The software was written using National Instruments’ TestStand and LabVIEW. The test sequences were constructed to showcase the “Auto Schedule” functionality of TestStand allowing parallel testing of multiple UUTs and efficient sharing of resources. Effectively, the test application was able to test each relay in parallel, using a limited set of test resources, by dynamically re-ordering the test process (within constraints) to make efficient use of the instrumentation.

An intuitive operator interface showed the status of each test socket graphically, with the following states:

  • Passed
  • Failed
  • Terminated (due to operator intervention)
  • Error (such as an instrumentation failure)
  • Idle (waiting for relay to be inserted)

The UUT presence sensor was able to automatically determine the insertion of a relay into an idle test socket, and start the test without any operator intervention. In addition, the removal of a relay during a test would automatically terminate the socket’s test sequence. At the completion of a relay test, a visual indicator above each test socket would indicate the status.

Test results were logged for each measurement and a “Live Production Data” display was available showing overall test station utilisation and measurement statistics.

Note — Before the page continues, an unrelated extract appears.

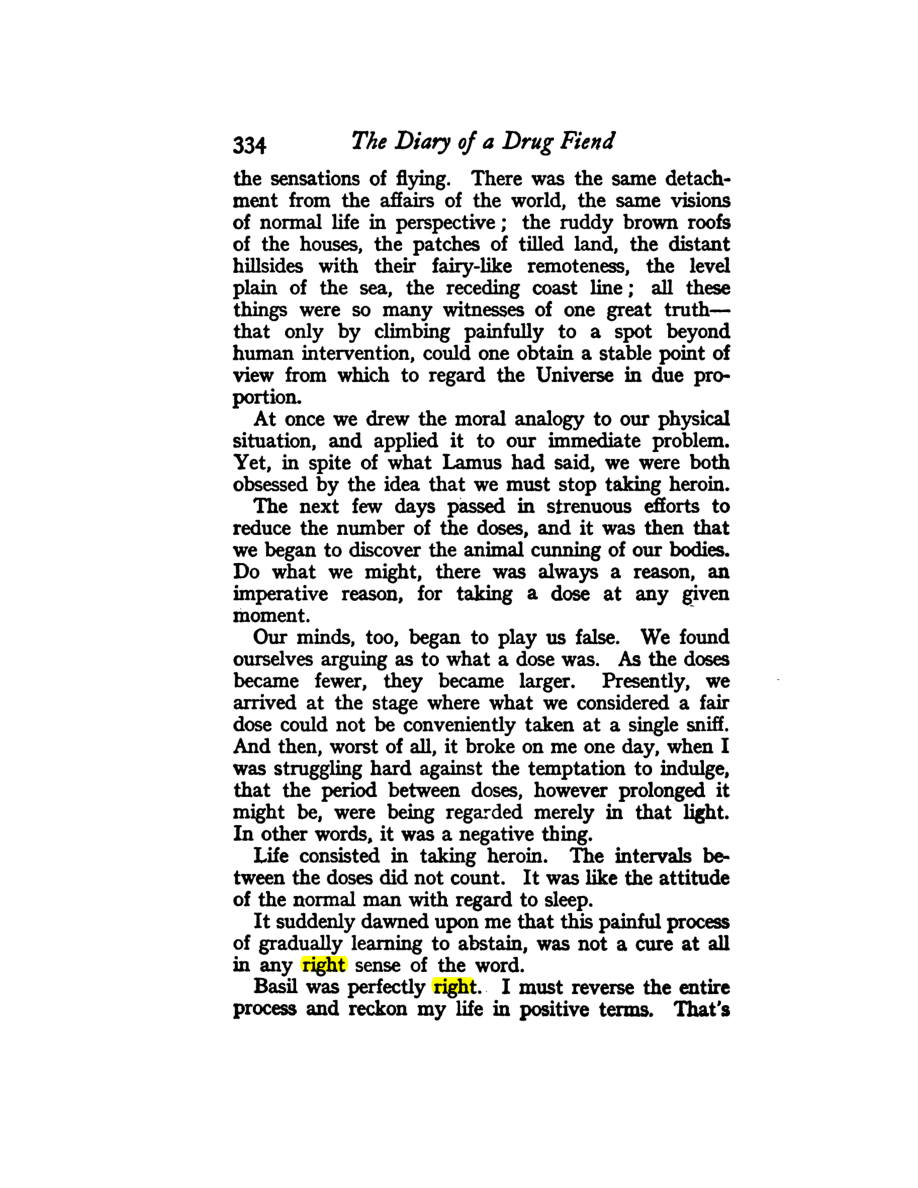 Original scan of Diary of a Drug Fiend, PDF page 348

While originally conceived as a technology demonstrator, the software was architected to provide a reference design for parallel testing scenarios, which could be very easily adapted to handle testing of any specific UUT. The benefits of parallel testing speak for themselves: increased throughput, lower equipment costs, higher utilisation all add up to ensure lower overall cost of ownership for production environments.